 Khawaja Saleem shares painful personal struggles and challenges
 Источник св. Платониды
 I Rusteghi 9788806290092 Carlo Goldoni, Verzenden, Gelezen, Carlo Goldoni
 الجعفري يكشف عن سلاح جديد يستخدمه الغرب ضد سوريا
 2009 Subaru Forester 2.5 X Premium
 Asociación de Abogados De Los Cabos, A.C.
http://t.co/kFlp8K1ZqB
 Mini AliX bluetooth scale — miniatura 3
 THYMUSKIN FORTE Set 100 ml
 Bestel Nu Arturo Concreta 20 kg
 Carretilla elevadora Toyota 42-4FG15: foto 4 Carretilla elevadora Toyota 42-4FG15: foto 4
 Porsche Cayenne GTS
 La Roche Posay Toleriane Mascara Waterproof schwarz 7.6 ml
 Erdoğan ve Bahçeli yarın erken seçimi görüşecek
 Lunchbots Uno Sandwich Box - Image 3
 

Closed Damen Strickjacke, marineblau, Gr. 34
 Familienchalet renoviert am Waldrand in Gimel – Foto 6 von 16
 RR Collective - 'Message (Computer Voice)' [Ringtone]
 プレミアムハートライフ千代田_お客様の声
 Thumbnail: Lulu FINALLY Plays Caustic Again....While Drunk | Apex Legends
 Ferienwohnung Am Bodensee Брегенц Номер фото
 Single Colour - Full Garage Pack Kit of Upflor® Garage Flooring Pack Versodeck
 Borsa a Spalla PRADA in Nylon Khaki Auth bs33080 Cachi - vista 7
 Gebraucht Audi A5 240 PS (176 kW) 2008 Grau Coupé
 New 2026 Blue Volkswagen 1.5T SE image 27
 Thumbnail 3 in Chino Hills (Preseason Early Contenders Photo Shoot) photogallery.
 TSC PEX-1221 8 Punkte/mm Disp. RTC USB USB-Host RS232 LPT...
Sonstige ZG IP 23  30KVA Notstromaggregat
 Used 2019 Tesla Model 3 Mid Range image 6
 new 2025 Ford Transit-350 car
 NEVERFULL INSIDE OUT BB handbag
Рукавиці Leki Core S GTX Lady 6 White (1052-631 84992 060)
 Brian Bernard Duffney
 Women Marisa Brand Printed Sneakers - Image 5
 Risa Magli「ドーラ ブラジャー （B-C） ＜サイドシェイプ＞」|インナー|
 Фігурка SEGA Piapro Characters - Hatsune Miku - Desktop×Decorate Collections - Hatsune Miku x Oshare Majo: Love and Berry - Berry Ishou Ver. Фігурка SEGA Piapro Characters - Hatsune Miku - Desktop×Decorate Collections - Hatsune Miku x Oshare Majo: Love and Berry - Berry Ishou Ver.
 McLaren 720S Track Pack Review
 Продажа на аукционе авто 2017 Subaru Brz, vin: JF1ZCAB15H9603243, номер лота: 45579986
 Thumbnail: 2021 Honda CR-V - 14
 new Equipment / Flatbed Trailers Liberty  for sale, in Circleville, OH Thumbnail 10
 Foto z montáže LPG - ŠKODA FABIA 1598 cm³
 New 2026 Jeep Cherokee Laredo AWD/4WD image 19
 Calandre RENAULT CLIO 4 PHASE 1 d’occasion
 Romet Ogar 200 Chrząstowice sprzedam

_EXERCISE DESCRIPTION_
Return the entries above exactly as they appear.

_ANSWER TO THIS PROBLEM_
 Khawaja Saleem shares painful personal struggles and challenges
 Источник св. Платониды
 I Rusteghi 9788806290092 Carlo Goldoni, Verzenden, Gelezen, Carlo Goldoni
 الجعفري يكشف عن سلاح جديد يستخدمه الغرب ضد سوريا
 2009 Subaru Forester 2.5 X Premium
 Asociación de Abogados De Los Cabos, A.C.
http://t.co/kFlp8K1ZqB
 Mini AliX bluetooth scale — miniatura 3
 THYMUSKIN FORTE Set 100 ml
 Bestel Nu Arturo Concreta 20 kg
 Carretilla elevadora Toyota 42-4FG15: foto 4 Carretilla elevadora Toyota 42-4FG15: foto 4
 Porsche Cayenne GTS
 La Roche Posay Toleriane Mascara Waterproof schwarz 7.6 ml
 Erdoğan ve Bahçeli yarın erken seçimi görüşecek
 Lunchbots Uno Sandwich Box - Image 3
 

Closed Damen Strickjacke, marineblau, Gr. 34
 Familienchalet renoviert am Waldrand in Gimel – Foto 6 von 16
 RR Collective - 'Message (Computer Voice)' [Ringtone]
 プレミアムハートライフ千代田_お客様の声
 Thumbnail: Lulu FINALLY Plays Caustic Again....While Drunk | Apex Legends
 Ferienwohnung Am Bodensee Брегенц Номер фото
 Single Colour - Full Garage Pack Kit of Upflor® Garage Flooring Pack Versodeck
 Borsa a Spalla PRADA in Nylon Khaki Auth bs33080 Cachi - vista 7
 Gebraucht Audi A5 240 PS (176 kW) 2008 Grau Coupé
 New 2026 Blue Volkswagen 1.5T SE image 27
 Thumbnail 3 in Chino Hills (Preseason Early Contenders Photo Shoot) photogallery.
 TSC PEX-1221 8 Punkte/mm Disp. RTC USB USB-Host RS232 LPT...
Sonstige ZG IP 23  30KVA Notstromaggregat
 Used 2019 Tesla Model 3 Mid Range image 6
 new 2025 Ford Transit-350 car
 NEVERFULL INSIDE OUT BB handbag
Рукавиці Leki Core S GTX Lady 6 White (1052-631 84992 060)
 Brian Bernard Duffney
 Women Marisa Brand Printed Sneakers - Image 5
 Risa Magli「ドーラ ブラジャー （B-C） ＜サイドシェイプ＞」|インナー|
 Фігурка SEGA Piapro Characters - Hatsune Miku - Desktop×Decorate Collections - Hatsune Miku x Oshare Majo: Love and Berry - Berry Ishou Ver. Фігурка SEGA Piapro Characters - Hatsune Miku - Desktop×Decorate Collections - Hatsune Miku x Oshare Majo: Love and Berry - Berry Ishou Ver.
 McLaren 720S Track Pack Review
 Продажа на аукционе авто 2017 Subaru Brz, vin: JF1ZCAB15H9603243, номер лота: 45579986
 Thumbnail: 2021 Honda CR-V - 14
 new Equipment / Flatbed Trailers Liberty  for sale, in Circleville, OH Thumbnail 10
 Foto z montáže LPG - ŠKODA FABIA 1598 cm³
 New 2026 Jeep Cherokee Laredo AWD/4WD image 19
 Calandre RENAULT CLIO 4 PHASE 1 d’occasion
 Romet Ogar 200 Chrząstowice sprzedam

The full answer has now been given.